For more help on creating and launching that first product, go read Authority. It’s everything I know on that topic condensed into one ZIP file.
Jack
This is such in-depth information and is incredibly valuable for what I am trying to do.
I have a question about how to handle the up-sell process through email. So, when someone is on one of your pre-customer lists and then goes on to buy your intro level product, I presume you move them onto a customer email list to let them know about mid-tier and premium products.
I know that through aweber you can set up an automation rule that takes them off one list if they go onto another, but how does this opt-in work? Can you send blog broadcast emails, updates about your products, or any type of email if someone has bought your product? Or, do you have to make someone opt-in again?
Nathan Barry
That would be different for each system you use. I usually just segment the buyers of each product so I can contact them later.
Irina
Great article, thanks!
Norman
I’m not sure about this approach. For example, Patrick Mackenzie started selling Bingo Cards to teachers on US from Japan.
Nathan Barry
Yes, that’s very true. What’s your point?
Brian Casel
Great advice Nathan.
This is something I’ve been thinking a lot about lately — focusing more on the “long game”, then deciding whether or not every new venture fits into that longterm vision. If it doesn’t, skip it (or can it). From a marketing/content perspective, it totally makes sense to stick to the space you know and are passionate about.
Marcin
I agree with you all the way. Why anyone should try building a product in a totally different niche if there’s a lot of potential to grow with your existing audience? We shouldn’t make things harder for ourselves without a good reason.
I wonder if one can grow by just launching products and building relationship via email with the customers, not freebie seekers. Do you think building a blog/newsletter is neccessary?
I think that someone who subscribes to your “product teaser” page has a different attitude than a person subscribing to your newsletter after reading a blog post. Then it’s just a matter how you can drive traffic to your teaser page…what’s your opinion?
Stuart Clement
Great read Nathan!
fefa la mocha
Another Photoshop tutorial on the Web? What about Sketch 2 wich is gaining momentum?
Nathan Barry
I like and use Photoshop.
Andy Brice
Interesting article, with some good points. But if we followed the ‘what are you’ advice, wouldn’t all developers just be selling products to other developers?
I sell a product to event planners. I am a developer, not an event planner. But I think very few people in the world (if any) are both event planners and have sufficient development skills to create my product.
It is nice if you can sell into a domain you know really well – but I don’t think it essential. Part of being a developer is learning other domains, after all.
Ryan
I agree with you Andy and have struggled with the “solve a pain that you have” idea. As a developer I have access to great tools so does that mean I should try and make another developer tool? Not necessarily.

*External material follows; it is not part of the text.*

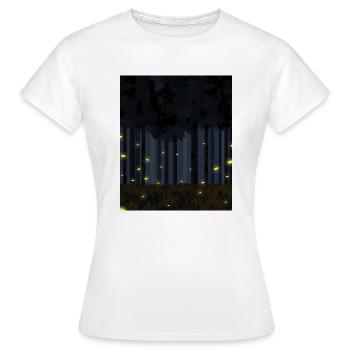 Nuit de luciole forestière - T-shirt Femme - blanc - Devant - AI Model Female 172 dark (172cm)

As Nathan said, “What am I?” can be a few things. Yes I am a developer but I am also a small business owner, a music fan, etc. Even if any of these areas fail you in coming up with a product you can partner with a domain expert (or learn from them) to build a product for their problem.
Owen Marcus
One of the best descriptions on how to take what you know and do and make money with it.

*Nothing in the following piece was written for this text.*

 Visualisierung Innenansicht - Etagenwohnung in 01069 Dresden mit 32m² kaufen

Your plan is simple, but effective.
I like you question what do people ask you about as a set up to guide you into knowing what to produce.
Thanks,
Owen
Will
Fantastic post Nathan. Thanks for providing such great insights!
Do you recommend building an audience before you introduce products? If so, how large does the audience need to be?
Nathan Barry
I actually like a product first approach. I find it easier to get people to sign up for an email list targeted towards a specific product.
smb cloud
Hi there just wanted to give you a quick heads up and let you know a few of the images aren’t loading properly.
I’m not sure why but I think its a linking issue. I’ve tried it in two different browsers and both show the same results.